PROBLEM TO WORK ON: With the pictures left out, retype exactly the lines below starting at the line that contains "La víctima denunció" and ending at the line that contains "A Modern Man".

══ DATASET EXTRACT

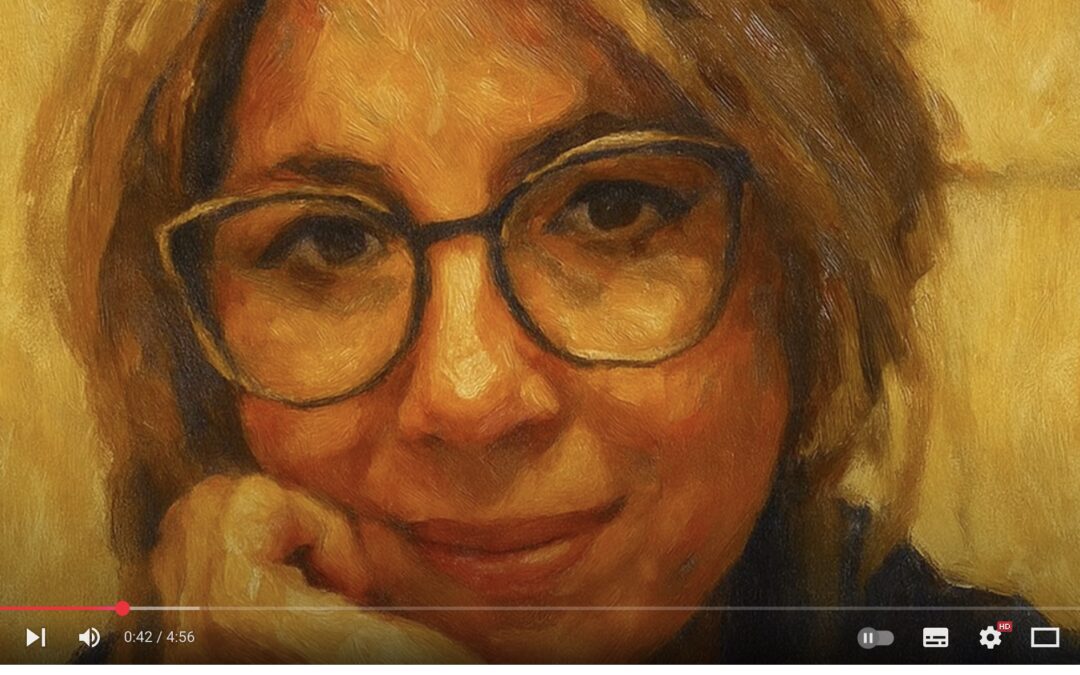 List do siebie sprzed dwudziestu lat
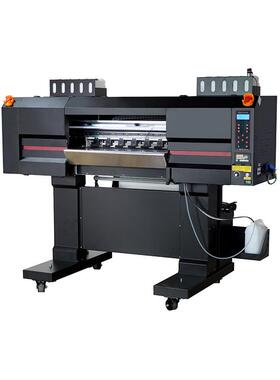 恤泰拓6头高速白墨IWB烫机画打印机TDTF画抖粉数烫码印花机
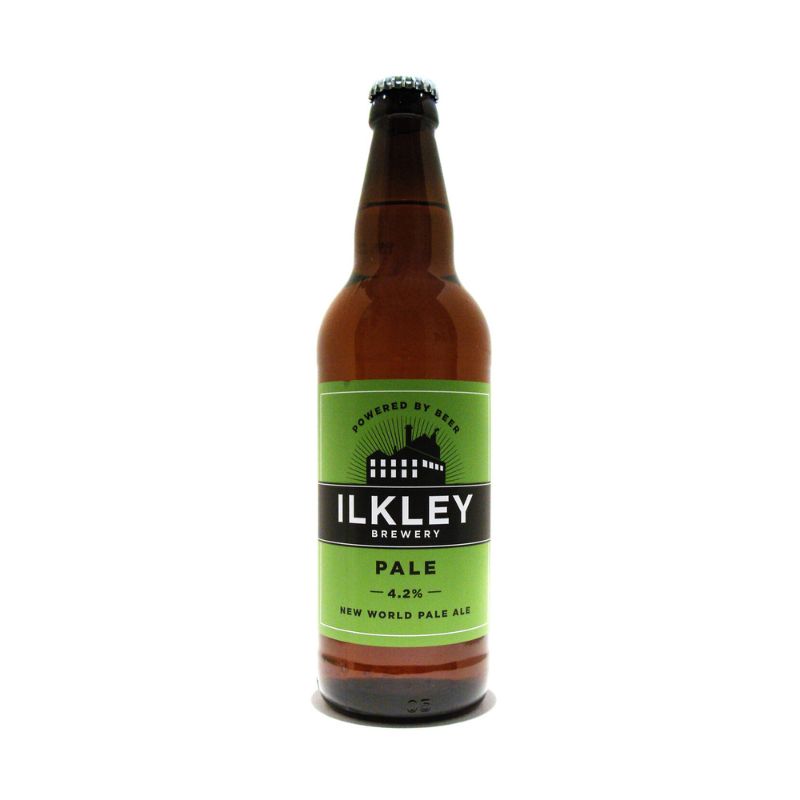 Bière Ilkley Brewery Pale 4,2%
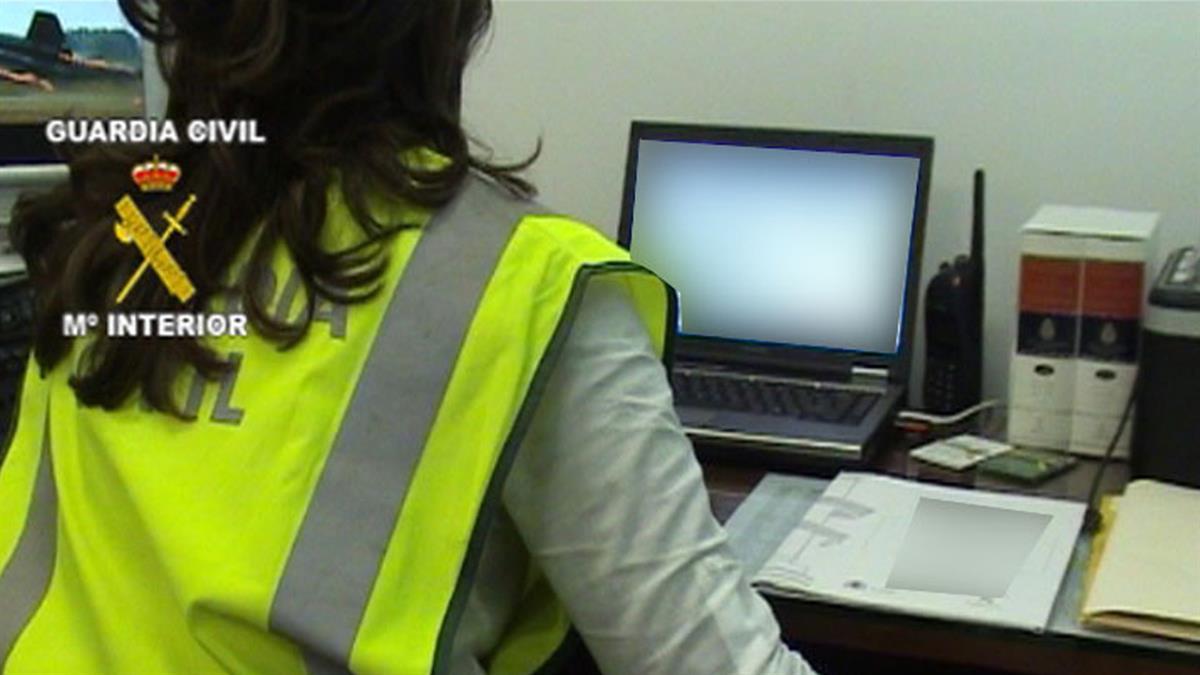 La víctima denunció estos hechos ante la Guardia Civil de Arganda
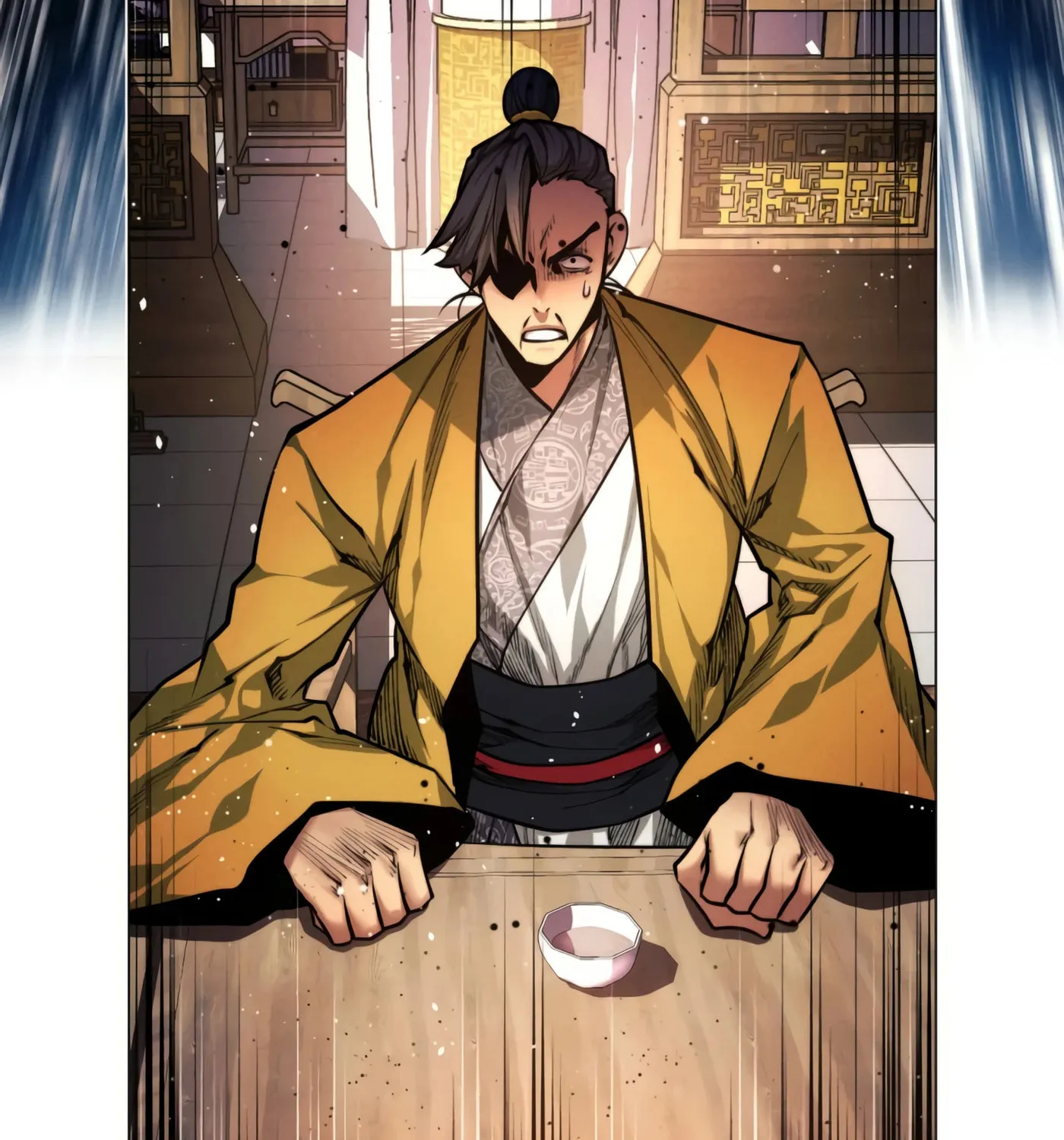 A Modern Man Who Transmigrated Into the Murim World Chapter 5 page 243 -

════
══ DATASET EXTRACT

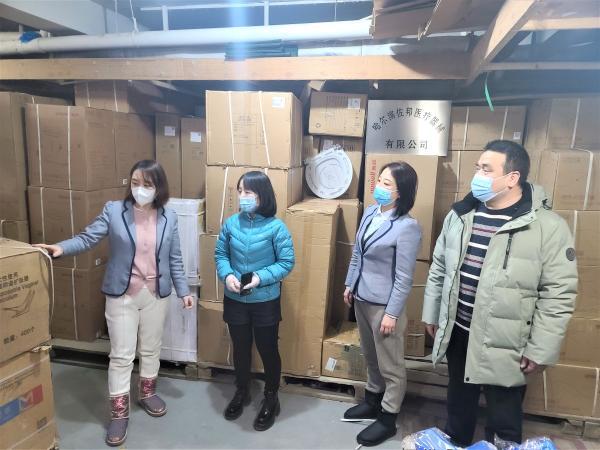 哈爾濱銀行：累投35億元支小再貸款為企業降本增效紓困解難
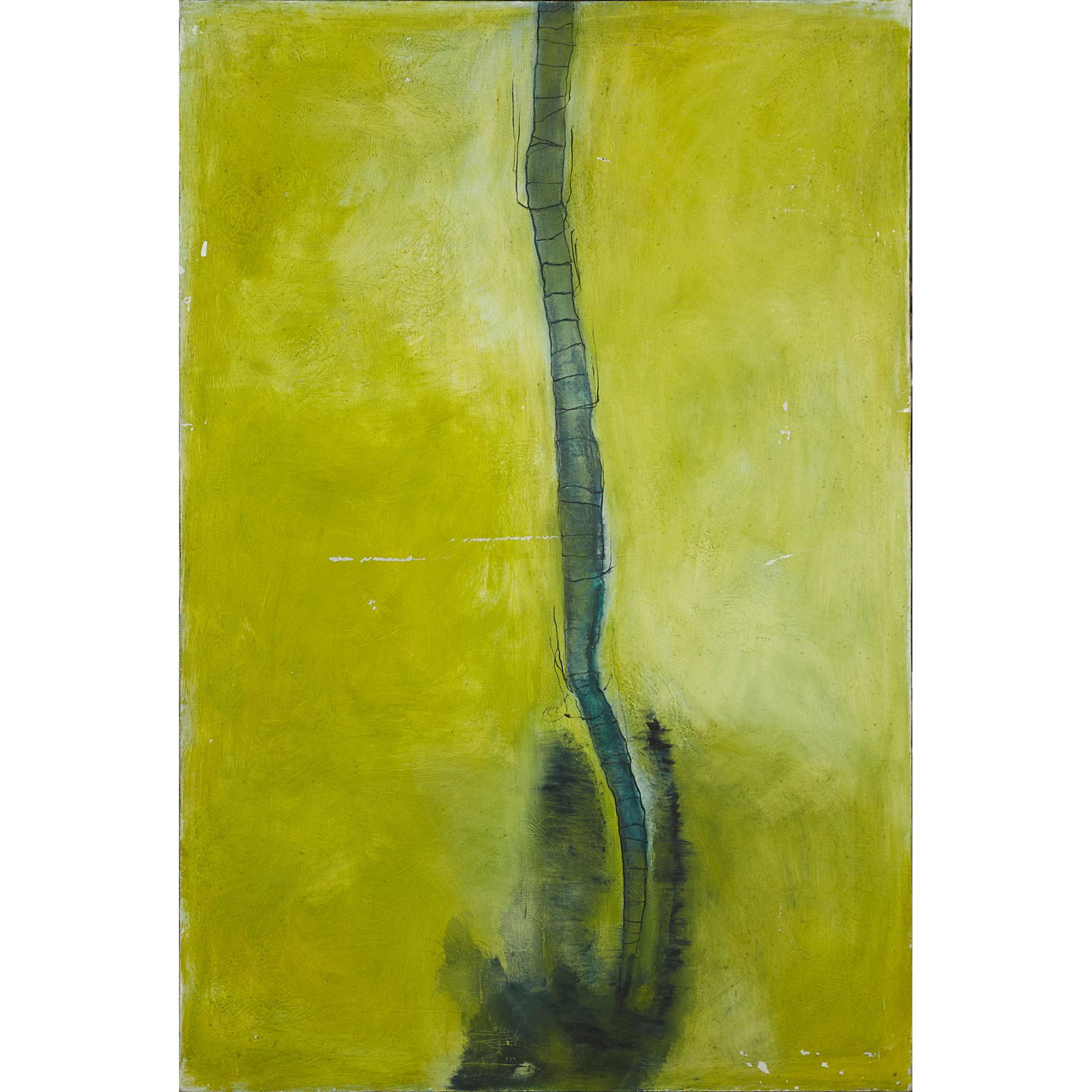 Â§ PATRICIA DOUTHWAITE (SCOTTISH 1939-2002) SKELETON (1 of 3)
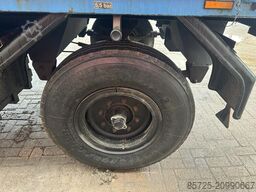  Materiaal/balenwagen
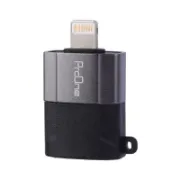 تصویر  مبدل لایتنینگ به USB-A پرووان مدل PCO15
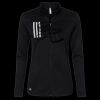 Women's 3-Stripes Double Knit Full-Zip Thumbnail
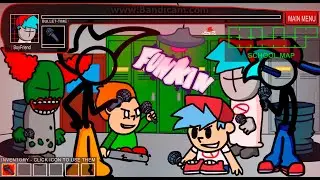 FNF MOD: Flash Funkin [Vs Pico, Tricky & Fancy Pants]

════
══ DATASET EXTRACT

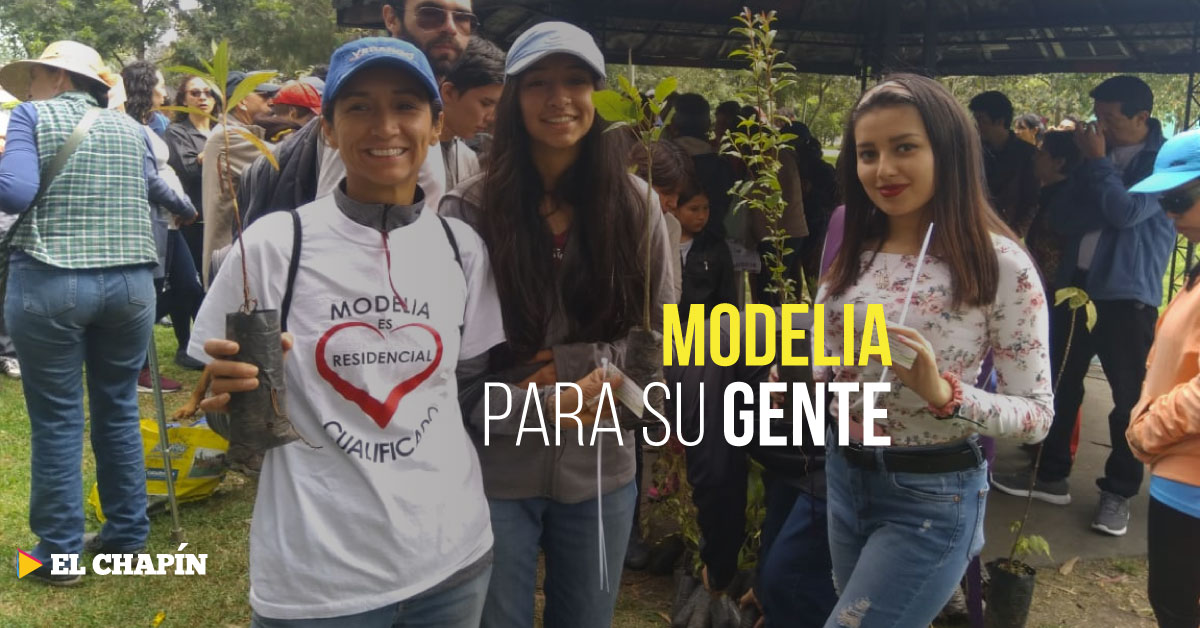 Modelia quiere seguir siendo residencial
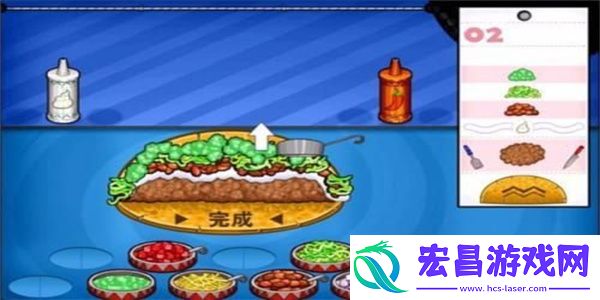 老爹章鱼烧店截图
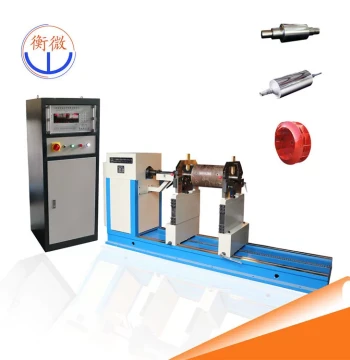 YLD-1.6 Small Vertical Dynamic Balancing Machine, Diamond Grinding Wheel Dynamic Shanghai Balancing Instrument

════

SOLUTION TO THIS PROBLEM:
 La víctima denunció estos hechos ante la Guardia Civil de Arganda
 A Modern Man Who Transmigrated Into the Murim World Chapter 5 page 243 -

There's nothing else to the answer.